We know that data is the lifeline of modern business, of all sorts, irrespective of the type. It provides valuable business insights and claims support over critical processes and operations. Today’s businesses are buried in an ocean of data that routinely need to be accessed. We are heavily dependent on IoT devices and sensors that operate from remote locations over a single server leaving the system open to vulnerabilities.

Edge Computing and Cloud Computing

Edge computing is based on a distributed paradigm, while cloud computing refers to a paradigm built on a centralised data centre. In simpler terms, edge computing moves some portion of the storage and compute resources out of the central data centre and closer to the source of the data itself, as mentioned earlier. So, rather than transmitting raw data to the main structure for processing and analysis, the work is performed where the information is generated; it could be a retail store, a factory floor, a sprawling utility or across a smart city, any venue possible.

Statistically, cloud computing has been a hit for big and small companies alike. More than 28 per cent of an organisation’s total IT budget is now kept aside for cloud computing. Also, 70 per cent of organisations have at least one application in the cloud for use. Studies show a similar pattern of dependence on cloud computing as the primary focus for all companies. However, experts have predicted the growth of cloud computing as blurry and on a decline. They believe the cloud has reached the end of its run at the top and has been exhausted.
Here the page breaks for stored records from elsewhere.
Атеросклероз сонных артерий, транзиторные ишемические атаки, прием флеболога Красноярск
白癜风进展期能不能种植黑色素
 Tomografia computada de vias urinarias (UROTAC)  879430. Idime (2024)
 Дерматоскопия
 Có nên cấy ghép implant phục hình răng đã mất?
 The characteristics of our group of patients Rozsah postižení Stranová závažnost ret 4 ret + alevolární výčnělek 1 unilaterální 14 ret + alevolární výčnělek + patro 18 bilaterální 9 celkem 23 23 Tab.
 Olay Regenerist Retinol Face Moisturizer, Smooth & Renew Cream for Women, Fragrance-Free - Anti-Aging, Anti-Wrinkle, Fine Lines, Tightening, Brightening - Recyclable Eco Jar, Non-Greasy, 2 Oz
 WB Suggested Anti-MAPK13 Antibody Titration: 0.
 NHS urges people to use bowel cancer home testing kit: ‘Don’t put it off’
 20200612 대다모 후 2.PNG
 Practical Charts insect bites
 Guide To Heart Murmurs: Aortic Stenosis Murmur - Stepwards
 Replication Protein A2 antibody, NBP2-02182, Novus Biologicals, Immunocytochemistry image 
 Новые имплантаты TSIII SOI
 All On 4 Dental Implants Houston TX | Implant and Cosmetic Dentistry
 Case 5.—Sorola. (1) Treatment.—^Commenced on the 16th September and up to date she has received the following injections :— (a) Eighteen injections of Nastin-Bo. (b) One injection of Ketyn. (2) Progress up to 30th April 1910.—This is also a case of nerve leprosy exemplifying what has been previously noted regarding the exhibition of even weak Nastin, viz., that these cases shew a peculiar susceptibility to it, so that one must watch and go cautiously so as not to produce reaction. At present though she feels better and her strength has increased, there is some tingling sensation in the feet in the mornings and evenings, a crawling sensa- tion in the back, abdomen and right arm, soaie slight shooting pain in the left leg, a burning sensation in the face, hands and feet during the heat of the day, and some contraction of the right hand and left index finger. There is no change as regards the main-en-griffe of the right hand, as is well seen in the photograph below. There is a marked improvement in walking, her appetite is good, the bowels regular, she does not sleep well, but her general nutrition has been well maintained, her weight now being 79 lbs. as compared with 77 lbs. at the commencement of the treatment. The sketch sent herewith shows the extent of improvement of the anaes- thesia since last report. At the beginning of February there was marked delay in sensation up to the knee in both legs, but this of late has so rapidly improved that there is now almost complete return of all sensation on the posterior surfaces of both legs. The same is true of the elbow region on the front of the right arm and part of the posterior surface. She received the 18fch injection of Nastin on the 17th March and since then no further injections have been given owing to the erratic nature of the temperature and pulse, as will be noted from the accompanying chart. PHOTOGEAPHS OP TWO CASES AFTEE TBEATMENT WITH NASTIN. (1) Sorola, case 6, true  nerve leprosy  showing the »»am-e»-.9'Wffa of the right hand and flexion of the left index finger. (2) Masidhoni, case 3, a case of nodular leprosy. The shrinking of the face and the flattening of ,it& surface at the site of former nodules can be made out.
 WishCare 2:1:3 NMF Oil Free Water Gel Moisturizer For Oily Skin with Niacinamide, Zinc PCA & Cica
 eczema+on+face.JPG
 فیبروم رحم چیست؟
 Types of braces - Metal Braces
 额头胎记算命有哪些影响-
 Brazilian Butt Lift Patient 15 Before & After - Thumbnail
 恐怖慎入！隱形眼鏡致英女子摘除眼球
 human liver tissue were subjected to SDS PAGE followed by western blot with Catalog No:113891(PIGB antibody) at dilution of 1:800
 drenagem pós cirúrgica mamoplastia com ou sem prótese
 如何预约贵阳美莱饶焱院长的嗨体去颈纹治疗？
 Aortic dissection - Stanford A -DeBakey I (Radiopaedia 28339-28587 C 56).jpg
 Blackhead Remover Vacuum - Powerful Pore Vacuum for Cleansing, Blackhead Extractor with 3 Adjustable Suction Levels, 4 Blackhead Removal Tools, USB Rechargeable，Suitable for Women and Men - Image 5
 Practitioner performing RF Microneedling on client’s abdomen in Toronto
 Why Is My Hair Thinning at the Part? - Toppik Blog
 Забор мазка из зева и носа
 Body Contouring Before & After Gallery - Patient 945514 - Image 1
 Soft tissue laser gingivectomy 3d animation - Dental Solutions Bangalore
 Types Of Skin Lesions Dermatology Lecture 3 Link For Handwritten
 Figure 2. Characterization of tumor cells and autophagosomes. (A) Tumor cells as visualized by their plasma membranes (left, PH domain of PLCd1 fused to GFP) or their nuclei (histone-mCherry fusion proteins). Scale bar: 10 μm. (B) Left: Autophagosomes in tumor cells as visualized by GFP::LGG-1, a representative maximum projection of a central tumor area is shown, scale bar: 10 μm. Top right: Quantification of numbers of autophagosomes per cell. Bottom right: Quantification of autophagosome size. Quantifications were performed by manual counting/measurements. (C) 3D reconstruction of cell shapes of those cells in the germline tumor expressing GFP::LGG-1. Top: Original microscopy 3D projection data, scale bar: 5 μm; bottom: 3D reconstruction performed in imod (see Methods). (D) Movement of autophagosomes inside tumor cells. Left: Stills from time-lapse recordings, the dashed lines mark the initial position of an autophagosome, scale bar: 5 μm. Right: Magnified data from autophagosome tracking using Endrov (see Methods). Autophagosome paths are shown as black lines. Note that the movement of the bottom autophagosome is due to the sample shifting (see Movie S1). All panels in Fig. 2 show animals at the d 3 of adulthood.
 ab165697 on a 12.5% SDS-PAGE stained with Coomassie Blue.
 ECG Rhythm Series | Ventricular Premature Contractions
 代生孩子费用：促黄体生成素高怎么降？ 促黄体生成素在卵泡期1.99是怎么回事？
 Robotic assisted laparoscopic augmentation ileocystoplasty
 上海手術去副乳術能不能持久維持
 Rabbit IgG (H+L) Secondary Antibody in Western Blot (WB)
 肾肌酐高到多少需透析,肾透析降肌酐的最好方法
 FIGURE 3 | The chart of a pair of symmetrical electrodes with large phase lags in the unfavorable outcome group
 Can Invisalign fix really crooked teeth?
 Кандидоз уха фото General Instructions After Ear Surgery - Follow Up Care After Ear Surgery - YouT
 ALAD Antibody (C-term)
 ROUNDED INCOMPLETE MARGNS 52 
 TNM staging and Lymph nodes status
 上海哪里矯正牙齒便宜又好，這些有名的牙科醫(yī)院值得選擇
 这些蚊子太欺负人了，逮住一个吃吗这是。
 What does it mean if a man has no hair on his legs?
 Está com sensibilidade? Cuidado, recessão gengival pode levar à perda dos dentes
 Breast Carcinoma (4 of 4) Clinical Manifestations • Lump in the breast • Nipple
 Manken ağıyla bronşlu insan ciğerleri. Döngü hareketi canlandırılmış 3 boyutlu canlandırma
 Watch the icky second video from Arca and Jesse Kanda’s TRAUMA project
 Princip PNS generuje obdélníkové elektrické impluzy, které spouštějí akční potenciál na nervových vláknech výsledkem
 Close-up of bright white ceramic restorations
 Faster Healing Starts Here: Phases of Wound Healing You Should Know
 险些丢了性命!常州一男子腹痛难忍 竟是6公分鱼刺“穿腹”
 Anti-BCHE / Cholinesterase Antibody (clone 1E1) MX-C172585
According to the Massachusetts Institute of Technology study, the global edge computing market will reach compound annual growth of more than 37% between 2020 and 2027. Edge computing will take its place in a spectrum of computing and communications technologies as another place where system architects can place computing workloads—neither on-premises nor in the cloud but at the edge.

Is the shift worth it?

Let’s visualise an example- if we look at Siemens Trade Show Presentation, it gives us a practical application of edge computing for predictive maintenance on the shop floor. They used a robot responsible for catching electronics components as they fall off the assembly line and place them back in packaging for shipment. If the robot breaks down, the products fall on the floor, and the line has to be stopped for emergency maintenance.

A device with more edge computing power than the one in use can help gather sensory data from them. This will be used to predict any future malfunctions, such as the sudden failure of a robot’s suction gripper. Maintenance schedules can be planned well ahead of time to prevent expensive damages. The app on the edge device feeds data into even more powerful machine learning systems in the cloud, which improve the predictive algorithms and feed updates to the edge device.

Edge computing was developed for an effective system of dealing with the enormous data created by the growth of IoT devices. They connect to the internet for either receiving or delivering data to and fro from the cloud. It helps where connectivity is unreliable, or bandwidth is restricted due to unavoidable reasons like ships at sea, remote farms, deserts etc. Because of its ability to do the computing work on-site, it reduces the amount of data to be transmitted, lowering the bandwidth.

As the data isn’t being transferred, it helps keep the data within the bounds of prevailing data sovereignty laws. Any data going through the network back to the cloud or data centre can be secured through encryption. The edge deployment itself can be hardened against hackers and other malicious activities—even when security on IoT devices remains limited.

Overall, it can help lower dependence on the cloud and improve data processing speed as a result. Besides, there are already many modern IoT devices that have processing power and storage available. The move to edge processing power makes it possible to utilise these devices to their fullest potential.

What is the future?

There is undoubtedly a shift inclined towards edge computing in recent times, but that isn’t the only solution. Cloud computing remains a viable option for specific challenges faced by IT organisations and vendors. In some instances, they use it in tandem with edge computing for a more comprehensive solution. Delegating all data to the edge is also not a wise decision. It’s why public cloud providers have started combining IoT strategies and other technology stacks with edge computing.

Functions are best handled by splitting the work. Computing between the end device and local network resources can be done at the edge. Meanwhile, big data applications that likely have aggregated data from everywhere and needs to be run through analytics and machine learning algorithms can stay in the cloud. It isn’t an either-or debate, nor are different types of computing essentially competitors. It depends on the organisation’s needs and capacity. To make this hybrid solution work, one needs to know the functionality of the workspace and assess it against the costs to find an optimal and feasible solution.